In 2008, I wrote about the security mindset and how difficult it is to teach. Two professors teaching a cyberwarfare class gave an exam where they expected their students to cheat:

Our variation of the Kobayashi Maru utilized a deliberately unfair exam—write the first 100 digits of *pi* (3.14159…) from memory and took place in the pilot offering of a governmental cyber warfare course. The topic of the test itself was somewhat arbitrary; we only sought a scenario that would be too challenging to meet through traditional studying. By design, students were given little advance warning for the exam. Insurrection immediately followed. Why were we giving them such an unfair exam? What conceivable purpose would it serve? Now that we had their attention, we informed the class that we had no expectation that they would actually memorize the digits of pi, we expected them to cheat. How they chose to cheat was entirely up to the student. Collaborative cheating was also encouraged, but importantly, students would fail the exam if caught.

Excerpt:

Students took diverse approaches to cheating, and of the 20 students in the course, none were caught. One student used his Mandarin Chinese skills to hide the answers. Another built a small PowerPoint presentation consisting of three slides (all black slide, digits of *pi* slide, all black slide). The idea being that the student could flip to the answer when the proctor wasn’t looking and easily flip forwards or backward to a blank screen to hide the answer. Several students chose to hide answers on a slip of paper under the keyboards on their desks. One student hand wrote the answers on a blank sheet of paper (in advance) and simply turned it in, exploiting the fact that we didn’t pass out a formal exam sheet. Another just memorized the first ten digits of pi and randomly filled in the rest, assuming the instructors would be too lazy to

check every digit. His assumption was correct.
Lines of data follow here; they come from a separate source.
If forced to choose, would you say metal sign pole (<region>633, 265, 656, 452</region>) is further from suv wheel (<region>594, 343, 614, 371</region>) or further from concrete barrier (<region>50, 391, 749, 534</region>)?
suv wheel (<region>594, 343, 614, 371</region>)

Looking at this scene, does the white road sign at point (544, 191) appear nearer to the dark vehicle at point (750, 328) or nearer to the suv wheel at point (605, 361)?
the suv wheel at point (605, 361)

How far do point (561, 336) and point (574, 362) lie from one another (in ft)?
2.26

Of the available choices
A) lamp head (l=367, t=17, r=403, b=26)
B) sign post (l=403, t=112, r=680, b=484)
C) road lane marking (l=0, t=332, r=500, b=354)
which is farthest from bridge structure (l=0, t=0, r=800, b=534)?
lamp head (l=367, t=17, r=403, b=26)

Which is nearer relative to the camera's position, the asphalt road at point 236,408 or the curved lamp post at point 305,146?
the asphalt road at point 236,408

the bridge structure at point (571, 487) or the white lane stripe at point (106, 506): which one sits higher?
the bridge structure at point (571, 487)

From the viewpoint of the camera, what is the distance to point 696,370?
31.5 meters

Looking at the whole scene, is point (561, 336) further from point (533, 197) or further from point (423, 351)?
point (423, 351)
Read the whole paper. This is the conclusion:

Teach yourself and your students to cheat. We’ve always been taught to color inside the lines, stick to the rules, and never, ever, cheat. In seeking cyber security, we must drop that mindset. It is difficult to defeat a creative and determined adversary who must find only a single flaw among myriad defensive measures to be successful. We must not tie our hands, and our intellects, at the same time. If we truly wish to create the best possible information security professionals, being able to think like an adversary is an essential skill. Cheating exercises provide long term remembrance, teach students how to effectively evaluate a system, and motivate them to think imaginatively. Cheating will challenge students’ assumptions about security and the trust models they envision. Some will find the process uncomfortable. That is

OK and by design. For it is only by learning the thought processes of our adversaries that we can hope to unleash the creative thinking needed to build the best secure systems, become effective at red teaming and penetration testing, defend against attacks, and conduct ethical hacking activities.